- Born: Samuel Anton Tinnesz April 12, 1985 (age 41) Nashville, Tennessee, United States
- Genres: Pop rock; pop; alternative rock;
- Occupations: Musician; multi-instrumentalist; songwriter; record producer;
- Website: samtinnesz.com

= Sam Tinnesz =

Samuel Anton Tinnesz (/tɪnɛz/ TIN-ez) is an American singer and songwriter.

==Biography==
Sam Tinnesz was born on April 12, 1985 in Nashville, Tennessee. His father, James M. Tinnesz (1960 - 1993) served as a pilot in the United States Air Force. James died in July 1993 when Tinnesz was only 8 years old.

Tinnesz would debut on October 14, 2015 with his single When the Truth Hunts you Down and would then release his debut album Babel on August 25, 2017.

Sam Tinnesz is based in Nashville, Tennessee and signed through Warner Music Group’s ADA.

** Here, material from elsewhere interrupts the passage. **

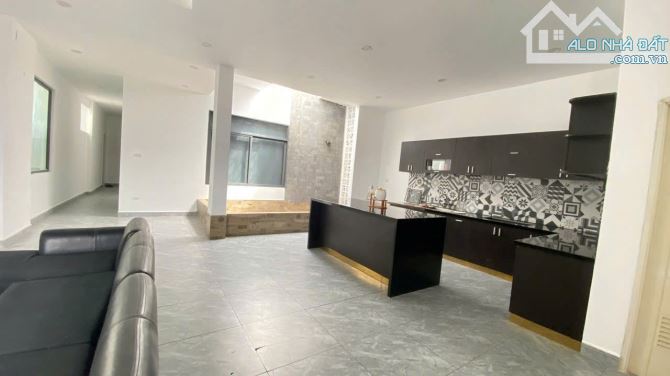 Nhà Đất DT lớn 500m² mặt tiền 10m, vuông vắn, có hầm để xe. - 9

Tinnesz was featured in the song “Don't Give Up On Love” with Kygo which reached a Billboard top position of 35, spending 2 weeks on the charts with a peak date of June 12, 2020.

Tinnesz is a gamer. His song “Wolves” was used in a commercial for Apex Legends and his song “Fire It Up” (feat. Ruelle) was used in the 2019 Xbox E3 trailer.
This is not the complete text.